EXERCISE REQUIREMENTS:
Return only the lines from the one containing "Beaupretty 50 pcs" to the end of the entries below, exactly as written, both ends included.

INPUT FOR THIS TASK below:

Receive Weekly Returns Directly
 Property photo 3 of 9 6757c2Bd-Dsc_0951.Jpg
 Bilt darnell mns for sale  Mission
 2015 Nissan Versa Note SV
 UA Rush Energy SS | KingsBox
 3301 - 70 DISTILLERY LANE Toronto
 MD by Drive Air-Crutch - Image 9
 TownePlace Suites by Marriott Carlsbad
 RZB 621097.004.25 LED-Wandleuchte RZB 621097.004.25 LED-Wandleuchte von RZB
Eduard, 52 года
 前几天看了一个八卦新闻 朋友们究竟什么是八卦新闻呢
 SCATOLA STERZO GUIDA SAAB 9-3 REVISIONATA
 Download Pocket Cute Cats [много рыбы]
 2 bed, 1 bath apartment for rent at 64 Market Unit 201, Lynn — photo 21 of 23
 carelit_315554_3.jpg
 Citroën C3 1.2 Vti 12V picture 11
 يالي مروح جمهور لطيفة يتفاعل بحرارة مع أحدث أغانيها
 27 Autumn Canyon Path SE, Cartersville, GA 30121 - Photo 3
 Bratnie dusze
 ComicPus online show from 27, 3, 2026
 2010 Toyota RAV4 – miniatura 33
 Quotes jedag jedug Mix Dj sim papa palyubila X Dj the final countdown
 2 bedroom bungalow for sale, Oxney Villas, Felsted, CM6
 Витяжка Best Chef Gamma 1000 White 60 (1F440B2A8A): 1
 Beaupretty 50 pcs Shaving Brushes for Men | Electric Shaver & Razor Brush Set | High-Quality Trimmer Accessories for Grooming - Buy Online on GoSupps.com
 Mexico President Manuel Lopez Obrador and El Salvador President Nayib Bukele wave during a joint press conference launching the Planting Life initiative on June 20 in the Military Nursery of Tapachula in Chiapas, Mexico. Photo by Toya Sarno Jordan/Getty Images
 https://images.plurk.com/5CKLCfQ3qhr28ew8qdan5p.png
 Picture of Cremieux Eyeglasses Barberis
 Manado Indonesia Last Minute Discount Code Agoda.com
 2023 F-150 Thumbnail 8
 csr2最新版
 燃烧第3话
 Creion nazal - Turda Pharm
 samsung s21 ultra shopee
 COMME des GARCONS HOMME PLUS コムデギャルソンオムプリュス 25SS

End of INPUT FOR THIS TASK.

ANSWER TO THE EXERCISE:
 Beaupretty 50 pcs Shaving Brushes for Men | Electric Shaver & Razor Brush Set | High-Quality Trimmer Accessories for Grooming - Buy Online on GoSupps.com
 Mexico President Manuel Lopez Obrador and El Salvador President Nayib Bukele wave during a joint press conference launching the Planting Life initiative on June 20 in the Military Nursery of Tapachula in Chiapas, Mexico. Photo by Toya Sarno Jordan/Getty Images
 https://images.plurk.com/5CKLCfQ3qhr28ew8qdan5p.png
 Picture of Cremieux Eyeglasses Barberis
 Manado Indonesia Last Minute Discount Code Agoda.com
 2023 F-150 Thumbnail 8
 csr2最新版
 燃烧第3话
 Creion nazal - Turda Pharm
 samsung s21 ultra shopee
 COMME des GARCONS HOMME PLUS コムデギャルソンオムプリュス 25SS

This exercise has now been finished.